The cold, dry mountains southwest of Quito, in the region of Lake Quilotoa, are some of the most beautiful anywhere, and among the most popular cycling regions in Ecuador . Photo by Alastair Bland.
The next day I crossed the Panamerican Highway and headed west, for the much-loved but little-known Quilotoa-Sigchos basin, where I would spend a week exploring what might be the best cycling region in Ecuador. Right out of the town of Latacunga, the road goes up. To non-cyclists, this may sound like the worst of possibilities, but for me and many of my fellow cyclists, climbing is the reason we own bicycles at all. It’s on those uphill grades that we feel the heat of our own blood and the pace of our hearts. Climbing, perhaps, reminds us we’re alive, while million-dollar views take shape behind us.
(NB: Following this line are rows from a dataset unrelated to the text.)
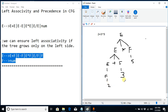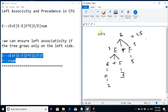In that parse tree, 2 plus 3 is computed first giving 5, then multiplied by 5 to give 25 — which is wrong. Multiplication has higher precedence than addition, so 3 times 5 should be computed first. We need to modify the CFG again to enforce the correct order of computation for operators with different precedence.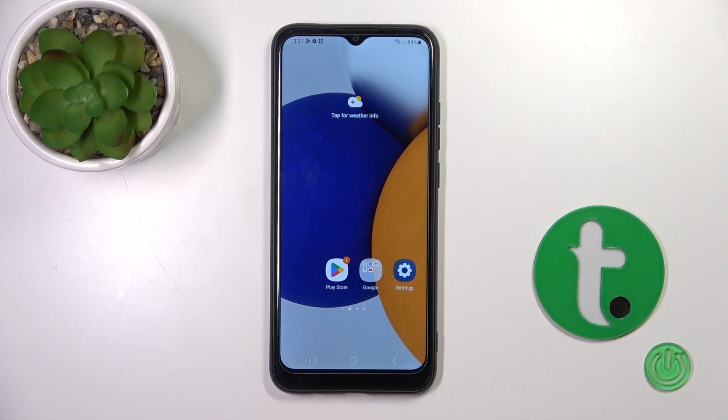Hi, today I'm on my Galaxy A3 and I'll show you how to activate Hey Google, the Google Assistant option, on this device.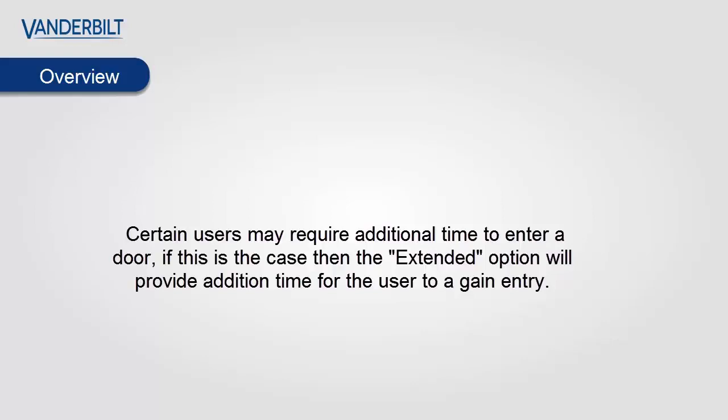Certain users may require additional time to enter a door. If this is the case, then the extended option will provide additional time for the user to gain entry.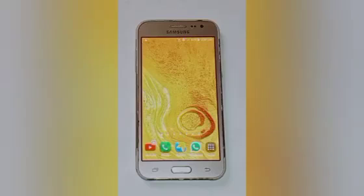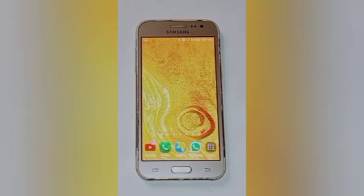Hello friends, welcome back to the new video. If you are a new viewer on my channel, please subscribe and like the video. Today's video title is how to change home screen wallpaper in Samsung On5 Pro.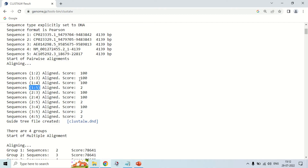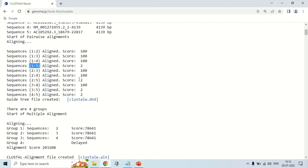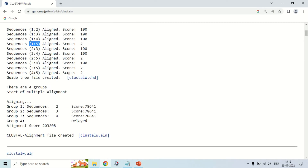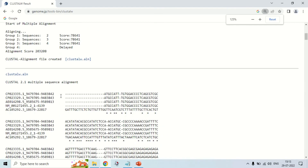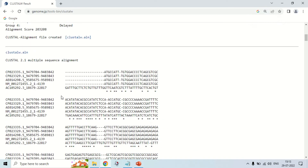In the next table, the aligned sequences are divided into groups. For example, group 1 contains two sequences, group 2 contains three sequences, and group 3 contains four sequences. Now let's come to the main alignment result, which shows the alignment of all five sequences.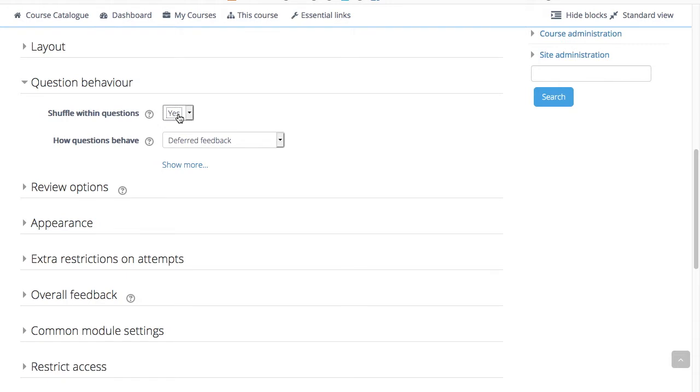If enabled, the parts making up each question will be randomly shuffled each time a student attempts the quiz. In other words, the answer options, for example A, B, C, and D, will be shuffled each time they attempt the quiz.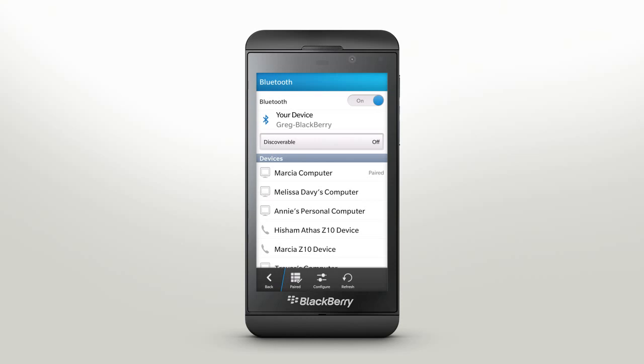Once your BlackBerry has successfully paired, the device name will appear with the word paired next to it. Here you can manage the list of Bluetooth pairings. To delete a paired device from the list, tap paired, select a device from the list and tap delete.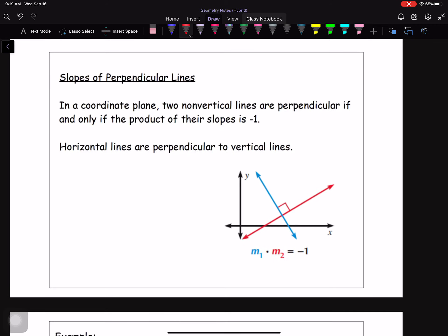Perpendicular lines, on the other hand — two lines are perpendicular if and only if the product of their slopes is negative one. I like to think of this as opposite reciprocals. So if we have the slope of line one as one-half, the slope of line two needs to be the reciprocal of one-half — you flip the two numbers — so the slope would be two over one, which simplifies to just two.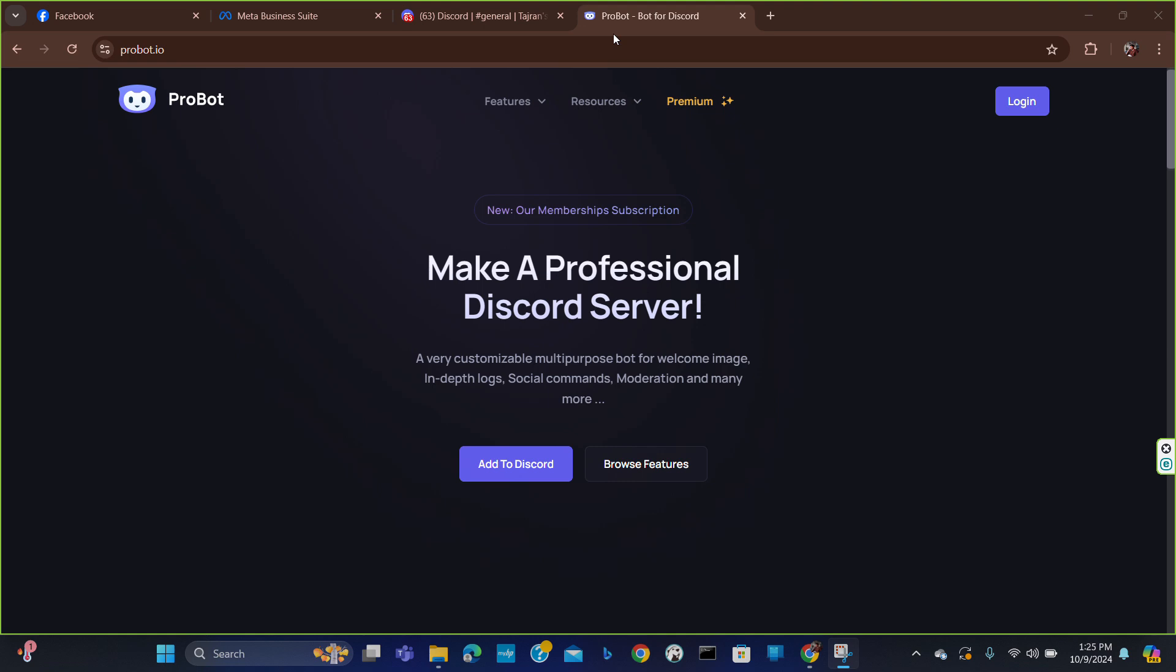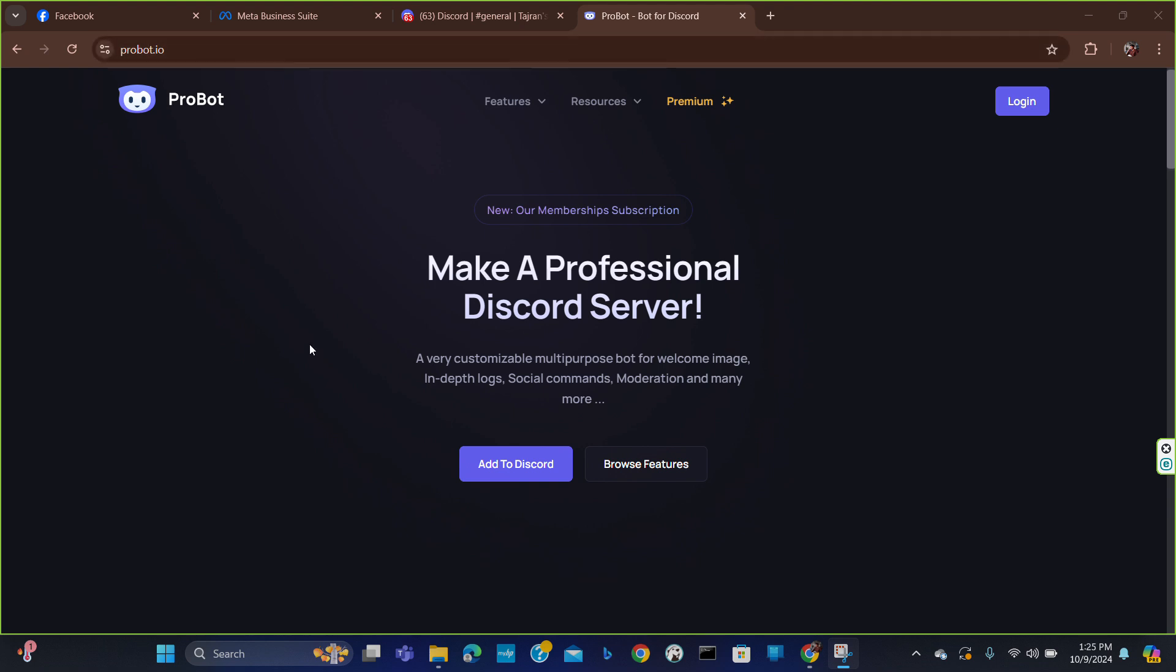Welcome to a new video. In this video I am going to show you how you can add ProBot to your Discord. First of all, you have to search for probot.io. Here you will find this page.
The road out of Latacunga ascends to some 13,000 feet before leveling off on a broad plateau of Andean tundra, then descends into a beautiful valley peppered with farmhouses and tiny villages, and a camping site called Posada de La Tigua. Here, the owners may try and talk you into taking a room for $35. Just camp. It’s $3.50, and you can watch the stars of the southern sky.
Onward, and the dramatic ups and downs, the friendly people, and the green hills make smiling out here as natural as breathing. In Zumbahua, a pair of video-journalists with a Quito-based cycling club, BiciEcuador, interviewed me and asked how I liked this area.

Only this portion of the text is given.